Biden's conundrum is that the 1994 crime bill serves as the poster child for the mass-incarceration movement that swept states, and Biden has struggled to win support with progressives and young voters of color as a result.

Minorities are demanding concessions from Biden over the crime bill’s popularizing mass incarceration, which was highlighted recently during a Biden interview two weeks ago with  popular black radio show host "Charlamagne tha God."

During the interview, Biden made his now infamous gaffe of saying “you ain’t black” if you are an African-American who supports President Trump.

Biden apologized for his remark, but more recently has claimed he was "baited" by Charlamagne tha God.

Appealing to progressives instead of supporting the nation's police has become a balancing act for Biden — who's long pitched himself as “Middle Class Joe” — as well as the Democrat Party in their attempts to win favor with blue-collar union households in the midwest.

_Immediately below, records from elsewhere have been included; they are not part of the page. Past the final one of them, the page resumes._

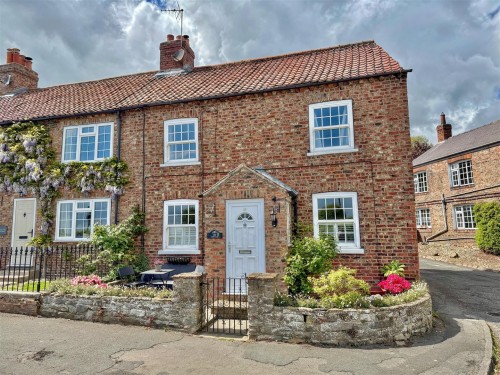 The Cottage, Brandsby Street, Crayke YO61 4TB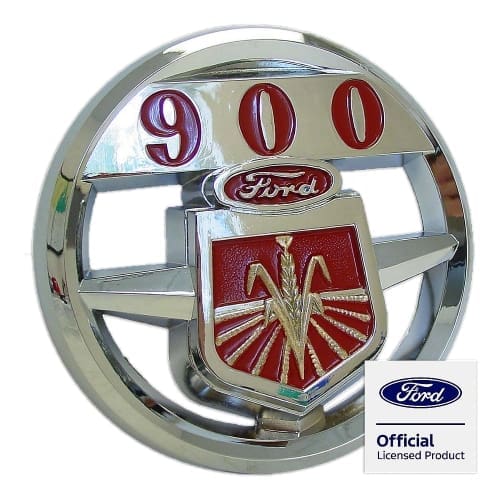 Hood Emblem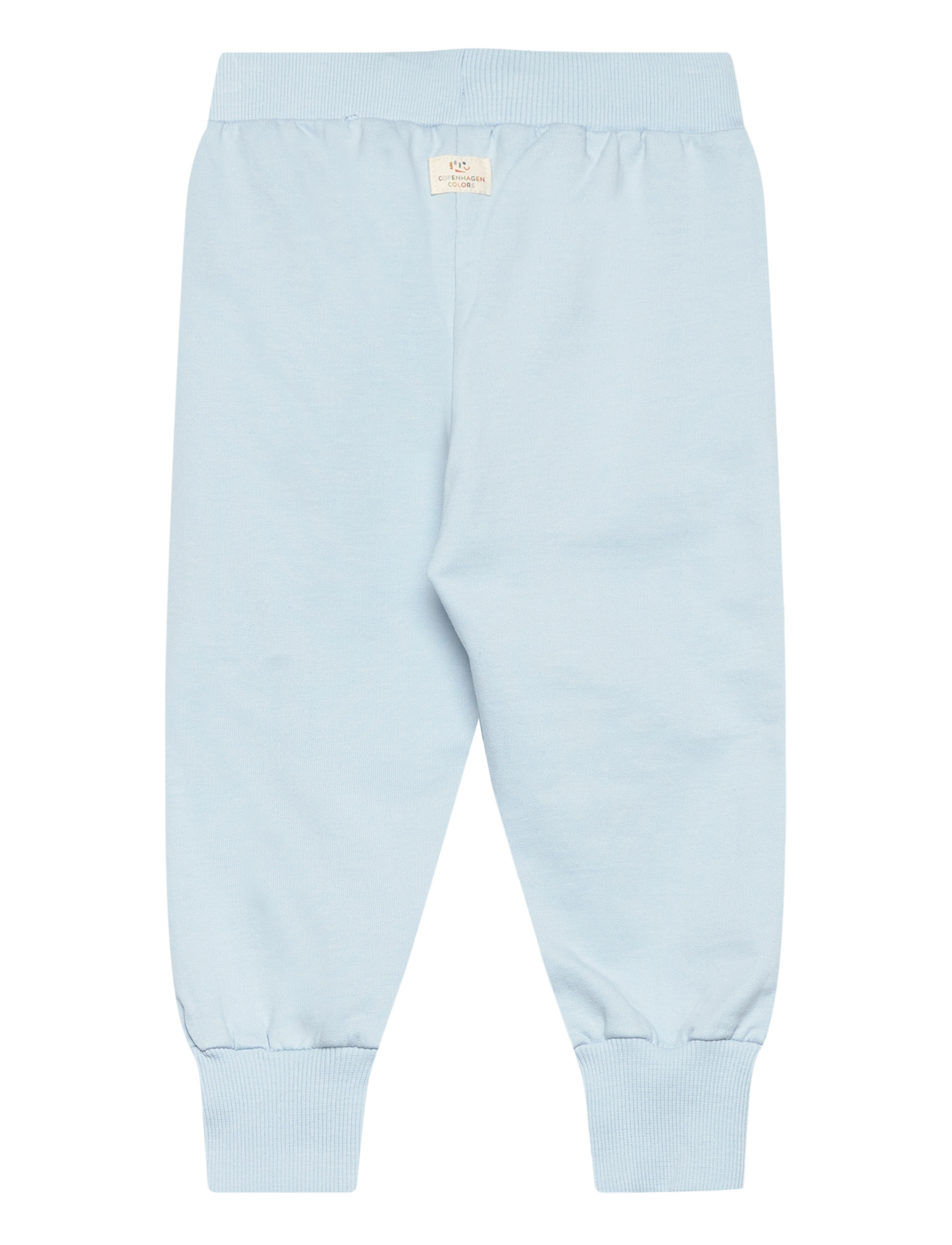 Copenhagen Colors - SWEAT PANTS KIDS - laveste priser - lt. blue 17 core - 1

The Trump campaign has criticized Biden for failing to mention the numerous police that have been either been killed, wounded or attacked during the recent rioting and unrest.
 
“Biden has not said a single word about one of the most horrific aspects of the bloodshed: attacks by rioters and looters, sometimes fatal, on police officers in the line of duty protecting innocent Americans,” the Trump campaign said Wednesday, highlighting the police deaths and injuries in eight separate instances nationwide.
 
At the urging of numerous police groups, President Trump has rolled back a series of Obama-era police "reforms."

During the Obama Admnstration, law enforcement and civilians sat on his 2015 "Task Force on 21st Century Policing," but “there was not a good working relationship” between the administration and law enforcement, said David Mahoney, sheriff of Wisconsin’s Dane County and the incoming president of the National Sheriffs’ Association.
 
Mahoney,who is a registered Democrat, said a number of sheriffs felt “there was a lot of hand-holding, and no action” from the Obama administration.